Texts: Primary texts will include works by Rudolph Otto, JZ Smith Samuel Preuss, WC Smith, Mark C. Taylor, Katie Cannon, and Wendy Doniger, among many others.


REL 309: Modernization of Judaism

Chervin, MW 2:30-3:45,  (same as JS 309), MAX: 15

Content: The course will focus on the modernization of Judaism, i.e. the changes in Jewish religious identity and thinking which were caused by Jews' entrance into modern Western society. The aim is to enable students to understand the differences among the four major denominations of contemporary Judaism - Reform, Conservative, Orthodox, and Reconstructionism. We will examine what these movements are and how they came about, and then use this knowledge to interpret current events. Because America constitutes the largest Jewish population in the world (larger than the State of Israel), and the fact that Jewish religious diversity is primarily an American phenomenon, our readings and discussions in the second half of the course will focus on the American scene. We will also have guest speakers representing each of the four denominations.

Texts may include:

  • Arthur Hertzberg, The Zionist Idea
  • P. Mendes-Flohr and J. Reinharz, The Jew in the Modern World
  • Michael Meyer, The Origins of the Modern Jew
  • Marshall Sklare, American Jews: A Reader
  • Jack Wertheimer, A People Divided

Particulars: 1. Active class attendance and participation 2. Short written exercises 3. Site visits to two houses of worship and two-page reports for each 4. Midterm Exam and Final Exam


REL 316: Early and Medieval Islam

Newby, TTh 10:00-11:15,  (same as MES 316), MAX: 6

Content: TBA

Texts: 

    TBA

Particulars: TBA


REL 317: Modern Islam

Newby, TT 1:00-2:15, (same as MES 317), MAX: 5

SORRY: THIS COURSE HAS BEEN CANCELLED


REL 321: Psychology of Religion

Bell, TTh 10:00-11:15, MAX: 30

Content: This course will survey the fields of religious studies and psychological theory. Instead of using the traditional preposition “of,” psychology “and” religion is designed to create a constructive, respectful dialogue between both perspectives. Can we conceive of ways in which religious behavior and the study of religion may inform, or even construct, psychological theory?
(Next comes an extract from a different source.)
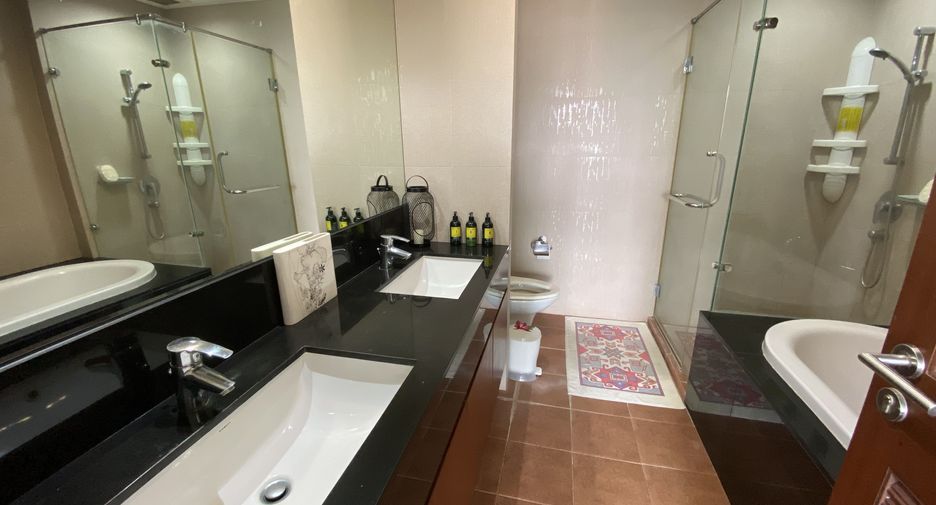 For rent 2 ベッドルーム condo in Pathum Wan, Bangkok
Conversely, how do psychological perspectives and cognitive science tell a richer, deeper story of what is happening in religious experiences? We will consider postmodern and qualitative critiques to such investigations, as well as the emerging field in “explaining” religion through cognitive science and evolutionary theory. Although the field of psychology of religion has been dominated by studies of Western religion, this course will also consider Eastern forms of religious expression and spirituality. Likewise, little work has been done with gender and race regarding psychology and religion. We will collectively propose new areas of research that would attend to these important contexts.

Texts:

  • Boyer, Pascal, Religion Explained: The evolutionary origins of religious thought
  • James, William, The Varieties of Religious Experiences
  • Jonte-Pace, Diane and William B. Parsons, Religion and Psychology: Mapping the terrain
  • Spilka, Bernard, Bruce Hunsberger, Richard Gorsuch, Ralph Hood, The Psychology of Religion, 3rd Ed.: An empirical approach

Particulars: In addition to the importance of regular attendance and discussion, there will be one midterm exam, two smaller papers, and one seminar paper.
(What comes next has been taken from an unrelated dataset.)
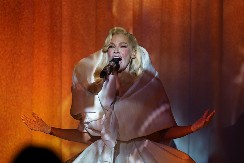 Ćerka Hana zablistala, mama Mira nikad lepša: Ovo su stajlinzi poznatih koji su bili kod Nataše Bekvalac u gostima, tu su Prija, Pejović, sestra Dragana...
REL 324:  The History of the Holocaust 

Lipstadt, TTh 11:30-12:45, (same as JS 324 and HIST 385), MAX: 40

Content: This course will examine the history of the annihilation of European Jewry by the Nazis. We will trace the roots of European antisemitism; the rise of Nazism and Hitler’s seizure of power; the evolution of Nazi policy toward the Jews; the Nazi policy towards the disabled, mentally handicapped, and carriers of genetic diseases; Germany policy towards the Roma and Sinti; the response of the German Jewish community to the policy of persecution; the reaction of the nations of the world to Nazi antisemitism; resistance by Jews to persecution; the experience of those in the concentration and death camps; and the attempts – however feeble – to rescue Jews.

Texts:

  • Deborah Dwork and Robert Jan van Pelt, Holocaust: A History
  • Raul Hilberg,The Destruction of the European Jews
  • Elie Wiesel, Night
  • Art Spiegelman, Maus: A Survivor’s Tale
  • Primo Levi, Survival in Auschwitz
  • Kevin Mahoney, In Pursuit of Justice
  • Donald Niewyk, The Holocaust

Films: 

  • Triumph of the Will
  • Healing by Killing
  • Designers of Death
  • America and the Holocaust
  • Partisans of Vilna
  • Weapons of the Spirit

Particulars:  1. Exams: There will be two in-class exams (40% total) and a final which will be divided into a written take-home portion (25%) and an in-class portion (20%).

2. Papers: Students will write three reaction papers (15%, 2-3 pages).

3. Class Participation: Class participation will be taken into account in determining the final grade. You are expected to come to class fully prepared to participate in class discussion which will be based on the assigned readings.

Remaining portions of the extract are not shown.